We don't want to acknowledge the reality that we are hastening an ongoing mass extinction event because we really like cars. I get it! I am "us" too! Admitting that global warming is real means implicating ourselves in the problem. So much easier to concentrate on the "scientific uncertainty" (of which almost none remains) than just say

"whelp, all the credible scientific evidence shows that our way of life is unsustainable, but I'm not going to change a damn thing because I love the idea of the open road and personal freedom and my little plastic clown car and I don't care that I am making things ever so slightly worse every day because I am old and will die soon so you-all can figure out how to solve this problem when I'm gone after you pry my Speedster's steering wheel from my cold, dead hands."

But this is the only honest way to deal with it. The rest is sophistry.

So say it with me, gentlemen. Know thyself. Allow the joy of your road trip, and of feeling warm when you press a button, and of seeing this page when you flick on your personal computational device, be ever-so-slightly troubled by the honest realization that it can't go on this way much longer. 

And that big, ugly changes are coming in hot.

Ed, I'd rather talk about cars too, so I understand, yet I find the story of this climate researchers retirement reasons quite interesting as she shares issues with climate change research  Judith Curry Ph.D "I have resigned my tenured faculty position at Georgia Tech"   You don't give up a very very nice position like this without good reasons.  You might like it. 

As it regards to the tobacco industry, the medical evidence was overwhelming, and the drug companies in my opinion, were trying to postpone the innevitable while they moved their assets off shore.

FYI, I hate end of the world frenzies, most times, rather they are unreal, the CC debate is too politicized and It is too religious for my liking,

Last edited by IaM-Ray

 

Ray, nice blog post from the retiring climate scientist.

Yes, the field is becoming highly politicized and will probably become more so as schools and research institutes are increasingly strapped for cash and big business has greater incentives to provide that cash.

Which makes it more important for anyone looking for answers to critically analyze where the latest 'study' or opinion piece is coming from.

And yes, apologies to @Al Gallo . My post above wasn't directed at you, personally, Al. It's just that there's a lot of 'truthy' stuff out there masquerading as fact.

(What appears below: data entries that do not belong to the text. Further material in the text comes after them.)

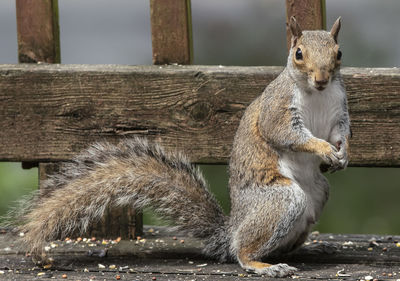 Close-up of squirrel sitting on wood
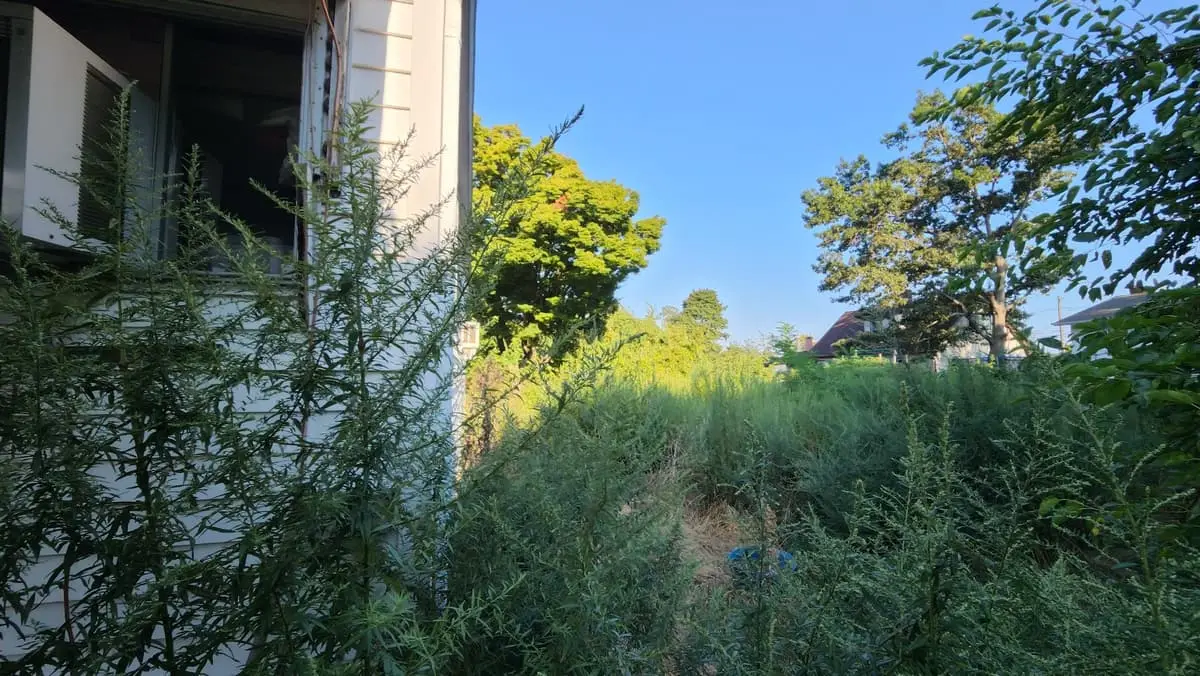 Selling a house with a failed cesspool in Brentwood: side yard gone wild with tall weeds and shrubs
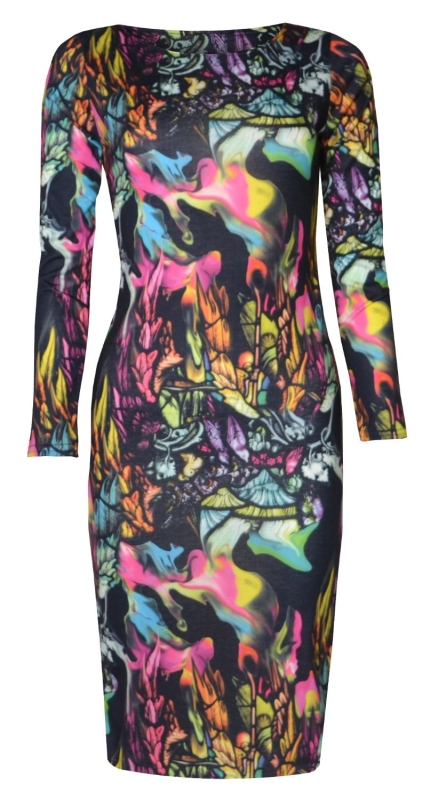 Birds and Feathers Print Long Sleeved Midi Dress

The internet is like a wild west frontier town with no sheriff. The James brothers can shoot things up with no one to call them out. Hold onto your hat. It will probably get worse before it gets better.

 

"fake news"   

Update:  

I would say before and as you read whatever on the web, of course even this site   just keep in mind everybody is playing an angle, in other words, web defines it as :  "they seek ways to advance one's self-interest, especially by making choices in a calculating or crafty manner; to scheme. "

What else is new, nothing new in those facts but thanks for the wild west comment at least you guys down south can be packing.